Ziel des SFB/TR7 ist es, Gravitationswellen direkt zu messen und sie theoretisch und experimentell zu erforschen. „Diese Wellen sind Schwingungen von Raum und Zeit, die von gewaltigen kosmischen Ereignissen ausgelöst werden“, erläutert Prof. Dr. Kostas Kokkotas von der Eberhard Karls Universität Tübingen. Bereits 1916 von Albert Einstein in seiner Allgemeinen Relativitätstheorie vorausgesagt, lassen sie sich bis heute nur indirekt nachweisen, etwa als Energieverluste von Objekten, die Gravitationswellen abstrahlen. „Neutronensterne, extrem kompakte Objekte, die am Ende der Entwicklung eines Sterns entstehen können, sind solche Objekte“, erklärt Prof. Kokkotas. „Neutronensterne sind sehr interessante Quellen für Gravitationsstrahlung, vor allem, wenn sie sehr schnell rotieren. Um ihre Strahlung nachzuweisen, muss man sehr genau wissen, wie diese Strahlung aussieht, und unter welchen Bedingungen sie erzeugt wird. Dazu führen wir aufwändige Simulationsrechnungen durch.“

Dass es bisher noch nicht gelungen ist, Gravitationswellen direkt zu messen, liegt vor allem an der sehr geringen Intensität dieser Signale. Doch ein Durchbruch ist in Sicht: „Ab 2012 wird bei den großen amerikanischen Detektoren die besonders ausgefeilte Lasertechnik installiert, die wir u. a. auch am deutsch-britischen Gravitationswellendetektor GEO600 in Ruthe bei Hannover auch im Rahmen des SFB/TR7 entwickelt haben. Ab 2015 werden diese Detektoren so empfindlich sein, dass der Nachweis dann innerhalb weniger Jahre gelingen müsste“, so Prof. Dr. Karsten Danzmann von der Leibniz Universität Hannover, die GEO600 betreibt. Danzmann ist auch Direktor am Max-Planck- Institut für Gravitationsphysik in Potsdam und Hannover.
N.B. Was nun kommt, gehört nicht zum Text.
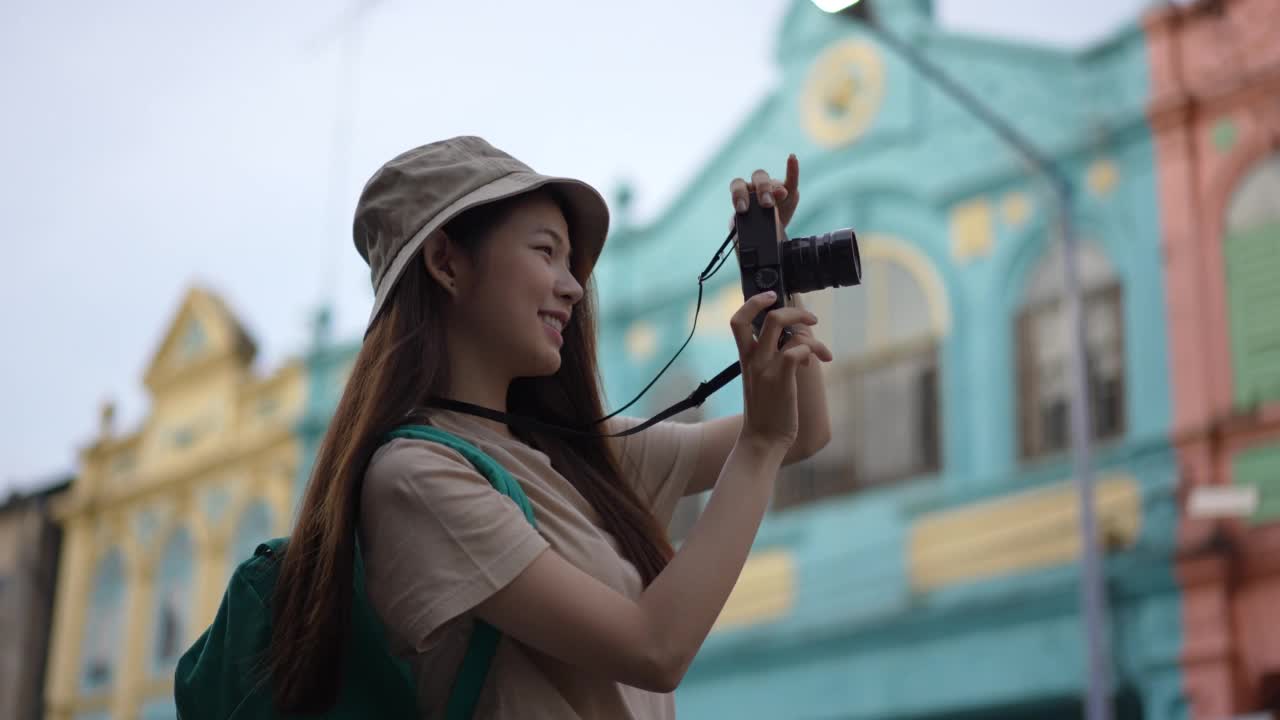 亚洲年轻女性背包客使用相机拍摄地点，同时旅行与快乐的情感表达，独自旅行在生活方式度假夏天。视频素材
Für die nächste Generation der Detektoren haben die Wissenschaftler des SFB/TR7 neuartige optische Komponenten in bisher unerreichter Qualität entwickelt. Brügmann und seinen Kollegen ist es in den zurückliegenden ersten beiden Förderperioden des SFB/TR7 außerdem gelungen, die Bewegung zweier Schwarzer Löcher umeinander in ihrer dynamischsten Phase mit hoher Genauigkeit zu berechnen.

Öffentlichkeitsarbeit

Im Rahmen des SFB/TR7 gibt es ein Projekt für Öffentlichkeitsarbeit, um die Arbeit an diesem komplexen Thema auch für Nichtwissenschaftler bekannt und zugänglich zu machen. Dafür werden öffentliche Veranstaltungen organisiert, eine mobile Ausstellung, das „Einstein-Wellen-Mobil“, besucht Institutionen wie Schulen oder Planetarien, und eine begleitende Webseite steht für Informationen zur Verfügung. Alle Aktivitäten in diesem Projekt wollen unterhalten und gleichzeitig wissenschaftliche Substanz vermitteln. Interessenten können sich dem Thema auf spielerische Weise nähern, finden aber immer auch ein Angebot an tiefer gehenden Erklärungen.